An interesting thing to consider is the definition of God. God was male and except for a few instances, was quite anthropomorphic, managing reality through a human’s eye. Would the reader consider the word ‘singularity’ as the latest definition of God? In quantum physics, this is the definition:

In scientific terms, a gravitational singularity (or space-time singularity) is a location where the quantities that are used to measure the gravitational field become infinite in a way that does not depend on the coordinate system. In other words, it is a point in which all physical laws are indistinguishable from one another, where space and time are no longer interrelated realities, but merge indistinguishably and cease to have any independent meaning.

Another interesting example is comparing the Old Testament’s Ten Commandments [Exodus 20:2-17], Islam’s Sharia Law [see Post titled Sharia Law] and Christianity’s Sermon on the Mount [Matthew 5]. Reading the words suggests vastly different objectives but the subject is the same: What is the best way to manage humanity?

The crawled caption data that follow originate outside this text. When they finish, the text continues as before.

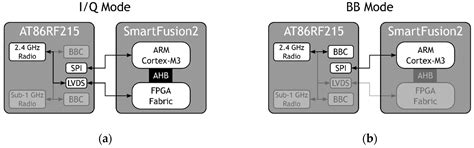 MIGOU: A Low-Power Experimental Platform with Programmable Logic ...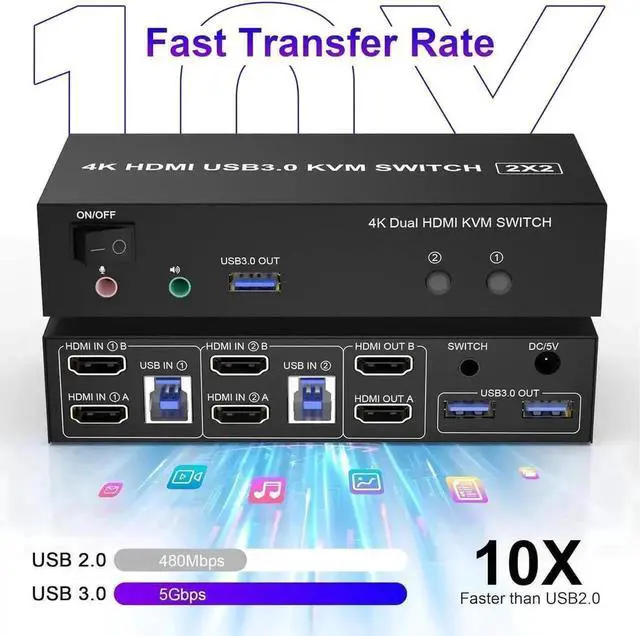 Alt view image 5 of 7 - Vszerda 2 Port Dual HDMI USB 3.0 KVM Switch, 4K@60Hz KVM Switcher with Audio & Mic, 3 USB 3.0 Ports for 2 PCs Share 2 Monitors Keyboard Mouse, Support Extended Display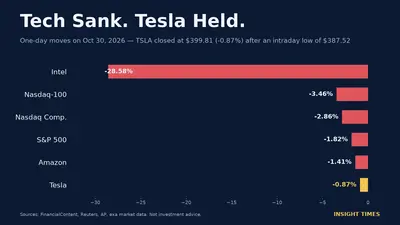Dark navy bar chart titled 'Tech Sank. Tesla Held.' comparing one-day moves on Oct 30, 2026: Intel -28.58%, Nasdaq-100 -3.46%, Nasdaq Composite -2.86%, S&P 500 -1.82%, Amazon -1.41%, and Tesla -0.87% highlighted in gold.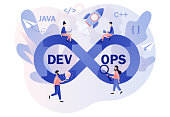 istock DevOps concept. Tiny programmers practice of development and software operations. Sign of infinity as symbol software engineering. Modern flat cartoon style. Vector illustration on white background 1335265790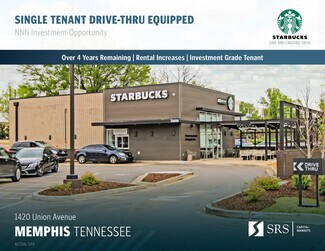 Plus de détails pour 1420 Union Ave, Memphis, TN - Local commercial à vendre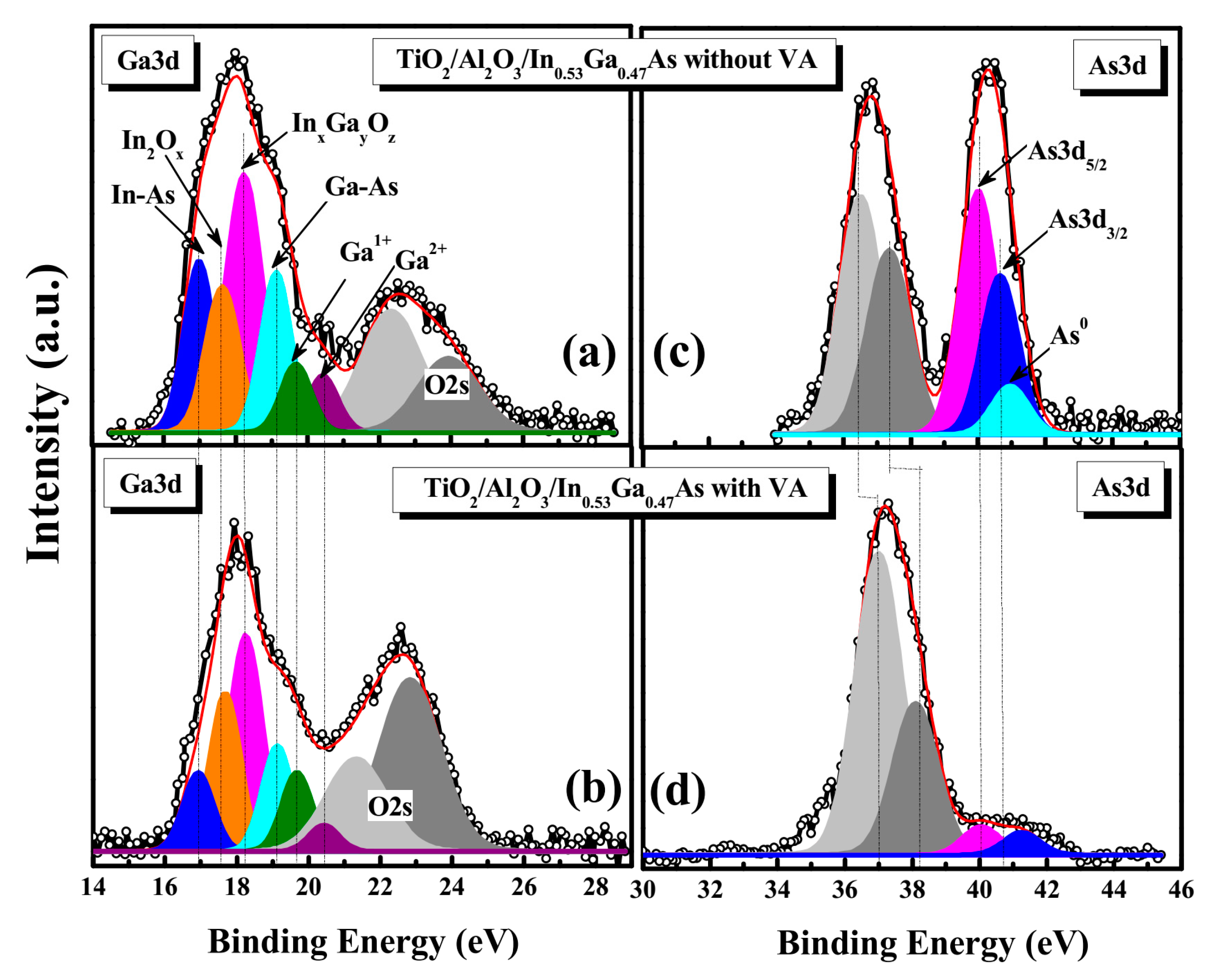 Crystals 08 00226 g005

This post is Mariner’s way of introducing the reader to a new way of looking at religion. The traditional way has caused wars, social upheaval and ridiculous fragmentation as politics, culture and technology grind the virtues of life into a useless pile of crumbs.

However, AI is eager to help 21st century humans throw everything into a dishwasher and produce an amalgamated religion appropriate for our modern culture(s).

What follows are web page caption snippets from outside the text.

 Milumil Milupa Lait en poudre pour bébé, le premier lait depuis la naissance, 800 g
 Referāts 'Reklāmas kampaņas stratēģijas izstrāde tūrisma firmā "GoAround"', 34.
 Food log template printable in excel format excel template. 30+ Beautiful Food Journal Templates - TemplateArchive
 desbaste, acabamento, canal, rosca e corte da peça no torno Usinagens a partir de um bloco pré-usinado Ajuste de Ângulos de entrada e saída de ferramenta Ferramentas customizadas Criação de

We need Cybele and her lions . . . .

Ancient Mariner

What should we pack when we go to Heaven?

What with it being the Christian holiday season and what with the world we live in today, mariner’s mind turned to revisiting the Gospels. For his entire life he has struggled with some of the metaphors interpreted by most readers as more literal than they imply. He doesn’t take the Scriptures literally as many readers do; rather, he is prone to searching for behavioral truths.

A significant confusion is the issue of heaven. Since he was a small boy, he wondered where heaven was, given all the family reunions people were counting on.

He focused on this issue as he revisited the Gospels. Owning three versions of the Holy Bible, he even checked out the difference in nuances from different versions. What emerged was a difference in reader perception as to when we would “go to heaven”. Noting all the references to the reward that we would sit at the right hand, or be with the Father, etc., the common Biblical inference is that sitting with the Father is an instant reward: do something nice for someone and you will feel good about yourself in a special way. One doesn’t have to die to be with God. This ‘instant’ reward fits with the core theology of the Trinity, which is a constant dynamic between God, Jesus and humans.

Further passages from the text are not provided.